Jardin and Metcah reached a termination agreement whereby he would be paid nine months notice, a period that started on June 1 was due to end on March 1, 2011. Metcash also paid Jardin $2.24 million in salaries and incentives owed to him for meeting performance hurdles.

But in July, Jardin entered in discussions with SPAR Australia, a struggling grocery franchisor with 150 small grocery franchisees around Australia.

Jardin put forward a proposal to buy 51% of the company for about $2 million and SPAR issued a media release announcing the deal.

Then mid-July Jardin wrote a letter to Metcash giving three months notice of the termination of his employment deed, which was still in operation while his notice period ran through until March.

However, Metcash launched legal action against Jardin, claiming that by investing in SPAR and becoming an executive would breach the non-compete clause in his employment deed. Metcash asked the court to prevent Jardin engaging with SPAR until March 1.

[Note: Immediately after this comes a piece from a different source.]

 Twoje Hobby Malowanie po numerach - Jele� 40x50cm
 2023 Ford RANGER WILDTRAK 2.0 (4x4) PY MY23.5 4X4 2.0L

While Jardin told the court his investment in SPAR would be a passive one, Justice Ball refused to accept the evidence.

“In my opinion, the likelihood is that the parties contemplated at the time that the binding heads of agreement were signed that Mr Jardin would become CEO of SPAR Australia or at least take on a very senior management role,” Ball wrote in his judgement.

“It is inherently improbable that a company associated with Mr Jardin would invest $2 million to acquire 51% in a company in financial difficulties if Mr Jardin did not intend to play a key role in the company in which the investment was made.”

However, Ball disagreed with Metcash’s argument that Jardin couldn’t terminate his employment agreement before the end of his notice period.

Rather than blocking Jardin from joining SPAR until March 2011, Ball ordered that Jardin could not invest in SPAR, work for it, discuss it or compete with Metcash until November 30.

However, Jardin’s family company, Jardin Investments, is not prevented from buying into SPAR.